MPI_SEEK_SET - The pointer is set to the offset.
MPI_SEEK_CUR - The pointer is set to the current pointer position plus the offset.
MPI_SEEK_END - The pointer is set to the end of the file plus the offset.

The offset can be negative for backwards seeking, but you cannot seek to a negative position in the file. The current position is defined as the elementary data item immediately following the last-accessed data item.

MPI_File_get_position returns the current position of the individual file pointer relative to the current displacement and file type.

MPI_File_get_byte_offset converts the offset specified for the current view to the displacement value, or absolute byte position, for the file.

Data Access With Shared File Pointers

Synchronism	Noncollective coordination	Collective coordination
Blocking	`MPI_File_read_shared` `MPI_File_write_shared`	`MPI_File_read_ordered` `MPI_File_write_ordered` `MPI_File_seek_shared` `MPI_File_get_position_shared`
Nonblocking orsplit collective	`MPI_File_iread_shared` `MPI_File_iwrite_shared`	`MPI_File_read_ordered_begin` `MPI_File_read_ordered_end` `MPI_File_write_ordered_begin` `MPI_File_write_ordered_end`

Synchronism

Noncollective coordination

Collective coordination

Blocking

MPI_File_read_shared

MPI_File_write_shared

MPI_File_read_ordered

MPI_File_write_ordered

MPI_File_seek_shared

MPI_File_get_position_shared

Nonblocking orsplit collective

MPI_File_iread_shared

MPI_File_iwrite_shared

MPI_File_read_ordered_begin

MPI_File_read_ordered_end

MPI_File_write_ordered_begin

MPI_File_write_ordered_end

Sun MPI I/O maintains one shared file pointer per collective MPI_File_open (shared among processes in the communicator group that opened the file). As with the routines for data access with individual file pointers, you can also use the current value of the shared file pointer to specify the offset of data accesses implicitly. These routines use and update only the shared file pointer; the individual file pointers are neither used nor updated by any of these routines.

These routines have similar semantics to the explicit-offset data-access routines, except:

The offset is defined here to be the current value of the shared file pointer.

Multiple calls (one for each process in the communicator group) affect the shared file pointer routines as if the calls were serialized.

All processes must use the same file view.

After a shared file pointer operation is initiated, it is updated, relative to the current view of the file, to point to the elementary data item immediately following the last one requested, regardless of the number of items actually accessed.

MPI_File_read_shared and MPI_File_write_shared are blocking routines that use the shared file pointer to read and write files, respectively. The order of serialization is not deterministic for these noncollective routines, so you need to use other methods of synchronization if you wish to impose a particular order.

MPI_File_iread_shared and MPI_File_iwrite_shared are the nonblocking versions of MPI_File_read_shared and MPI_File_write_shared, respectively.

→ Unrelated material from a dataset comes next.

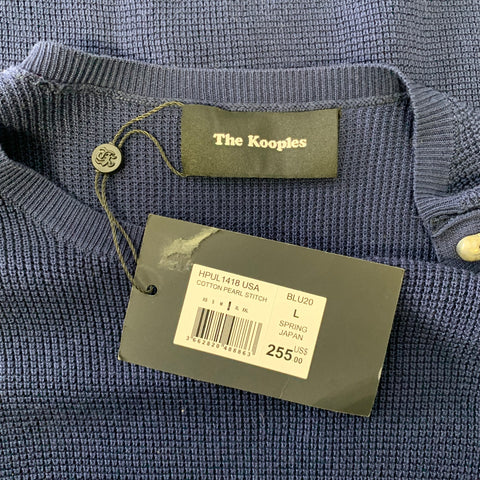 THE KOOPLES Size L Navy Cotton Pullover Sweater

MPI_File_read_ordered and MPI_File_write_ordered are the collective versions of MPI_File_read_shared and MPI_File_write_shared. They must be called by all processes in the communicator group associated with the file handle, and the accesses to the file occur in the order determined by the ranks of the processes within the group. After all the processes in the group have issued their respective calls, for each process in the group, these routines determine the position where the shared file pointer would be after all processes with ranks lower than this process's rank had accessed their data. Then data is accessed (read or written) at that position. The shared file pointer is then updated by the amount of data requested by all processes of the group.

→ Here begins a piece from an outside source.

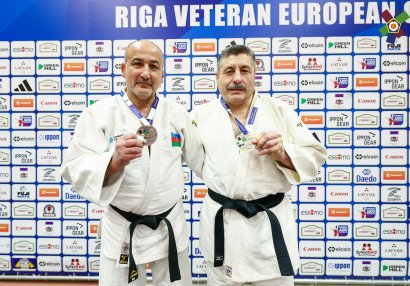 Azərbaycanın veteran cüdoçuları Avropa Kubokunda üçüncü yeri tutdular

The split collective versions of MPI_File_read_ordered and MPI_File_write_ordered are listed in the table at the beginning of this section.

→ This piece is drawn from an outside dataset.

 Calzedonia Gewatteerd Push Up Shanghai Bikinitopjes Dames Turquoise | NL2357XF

MPI_File_seek_shared is a collective routine, and all processes in the communicator group associated with the particular file handler must call MPI_File_seek_shared with the same file offset and the same update mode. All the processes are synchronized with a barrier before the shared file pointer is updated.

MPI_File_get_position_shared returns the current position of the shared file pointer relative to the current displacement and file type.